One of the best things about Seoul is how easy it is to get out of. Don’t get me wrong, I harbor a deep love for this chaotic, bustling metropolis, but an escape from the concrete jungle is necessary every now and then. So whenever I need a quick break from the crowds, I like to head to one of my favorite weekend getaway destinations: Gapyeong.
Tucked away at the edge of the Gyeonggi Province just northeast of Seoul, Gapyeong is one of the most convenient vacation spots you can visit from the city. The area is especially popular among Koreans during the summer months because of its natural beauty.
Gapyeong boasts lush greenery, scenic views of steep hills along the Bukhan River, and offers a variety of activities. No matter what kind of vacation you are looking for, Gapyeong will deliver. So here are some essential tips for anyone interested in visiting the area.
How to Get to Gapyeong
One of the most common complaints I hear from expats about trying to get out of Seoul is traffic.

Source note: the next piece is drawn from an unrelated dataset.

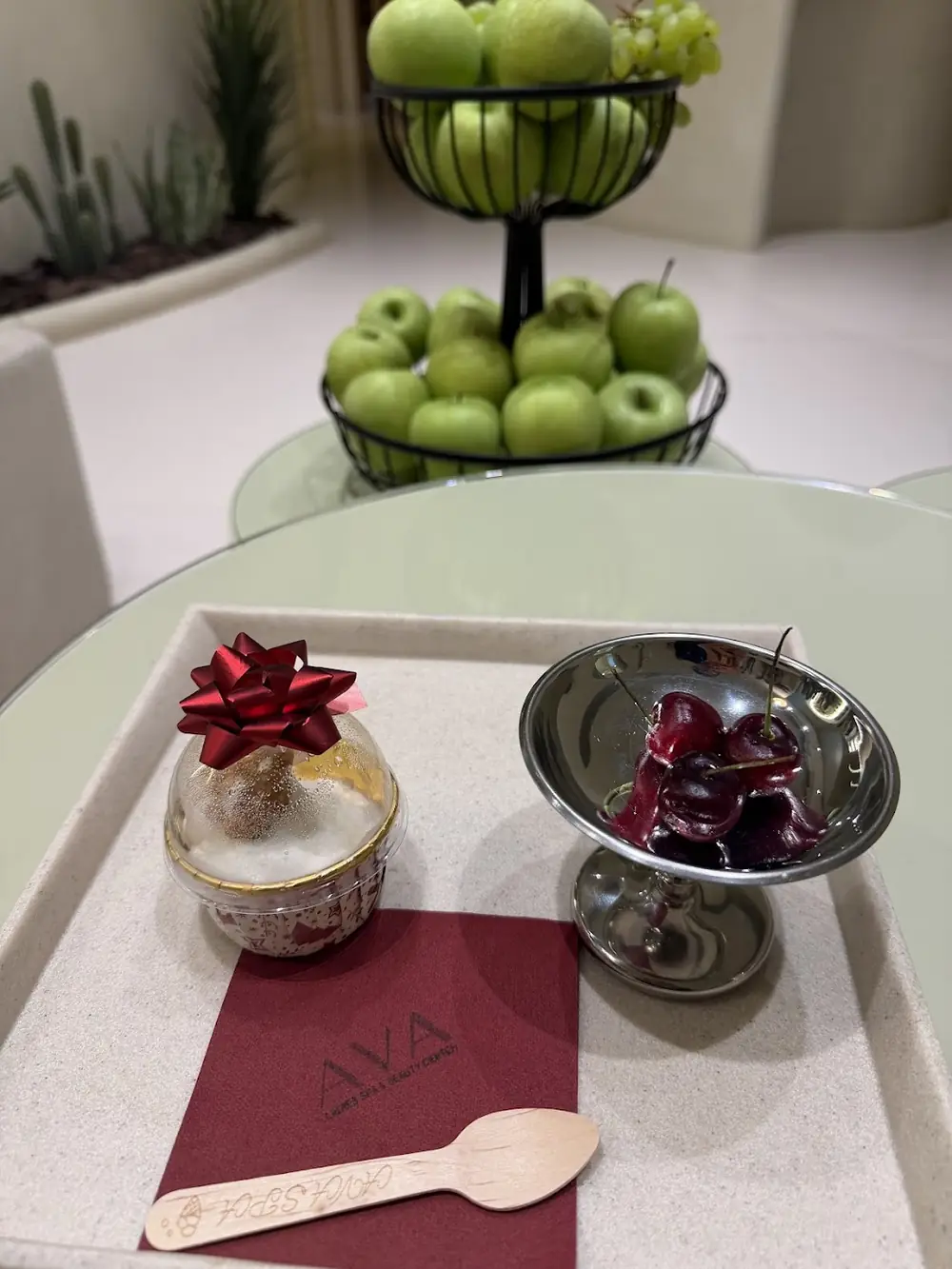 A small gift and a bowl of cherries on an AVA napkin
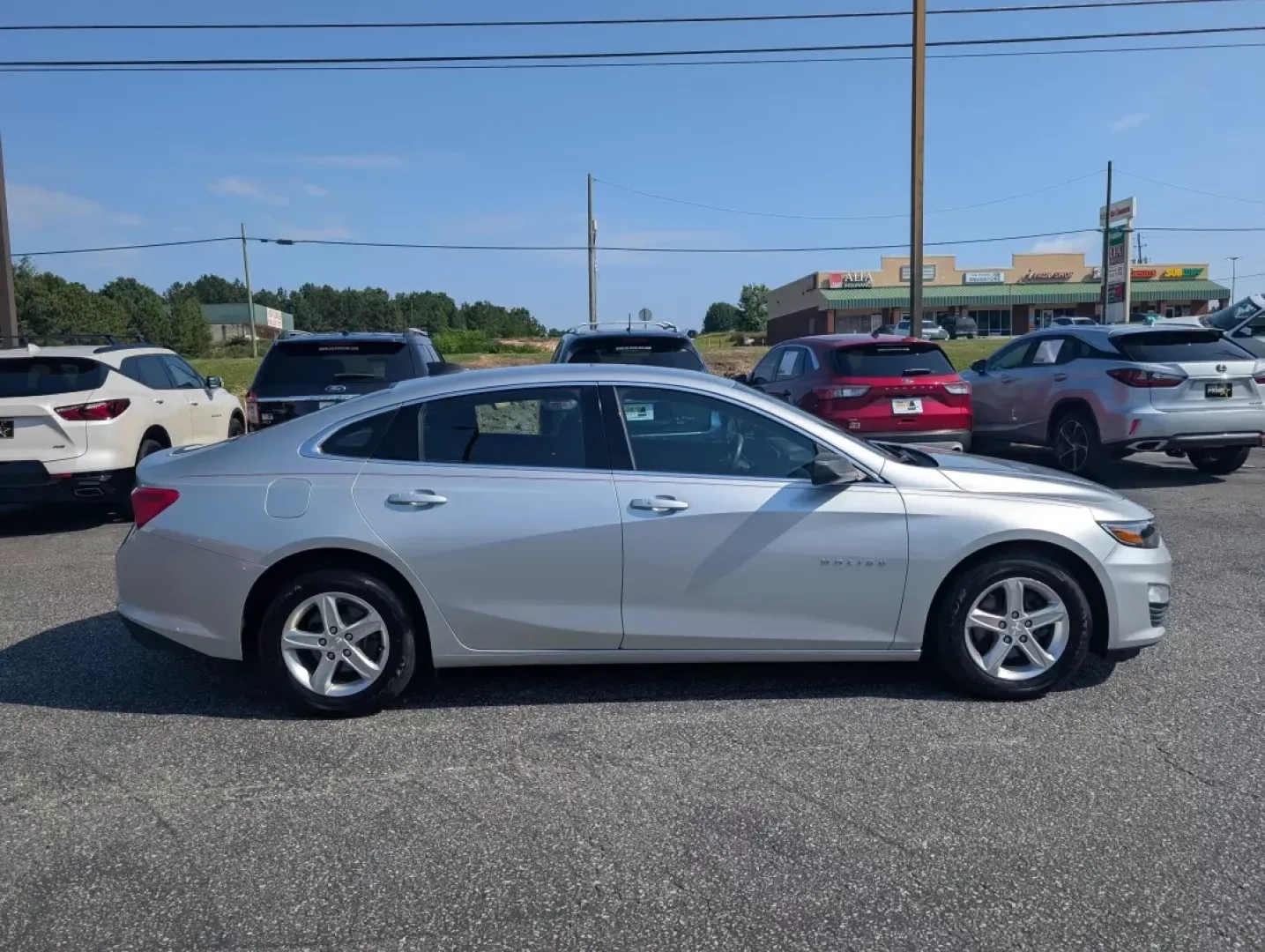 2021 /Jet Black Chevrolet Malibu LS (1G1ZC5ST7MF) with an Other engine, located at 3959 U.S. 80 W, Phenix City, AL, 36870, (334) 297-4885, 32.469296, -85.135185 - **Discover the Perfect Blend of Style and Reliability: 2021 Chevrolet Malibu LS at Gils Auto in Phenix City, AL**<br /> <br /> Are you searching for a reliable sedan that fits seamlessly into your busy lifestyle? Whether you're commuting to work, running errands around Phenix City, or enjoying weeke - Photo#3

And trust me, it’s warranted. Koreans love to travel during the summer, and since Seoul has such a high population density, it makes for some very packed highways. I’ve spent six hours in a bus for a journey that was supposed to be three hours, and once even sat in a car for 14 hours when the total trip was estimated to take seven.
So even though it is actually easy to get out of Seoul because of its top-notch public transportation, that really only applies to some destinations. Luckily, this includes Gapyeong.
The area can be reached via the subway system, which is timely, cheap, and hassle-free. Gapyeong Station is located on the Gyeongchun Line with the two-way ride costing under 5,000 Korean won ($4.50). It takes around two hours if you’re leaving from somewhere in the city. You can also travel to Gapyeong by bus, but you risk running into traffic.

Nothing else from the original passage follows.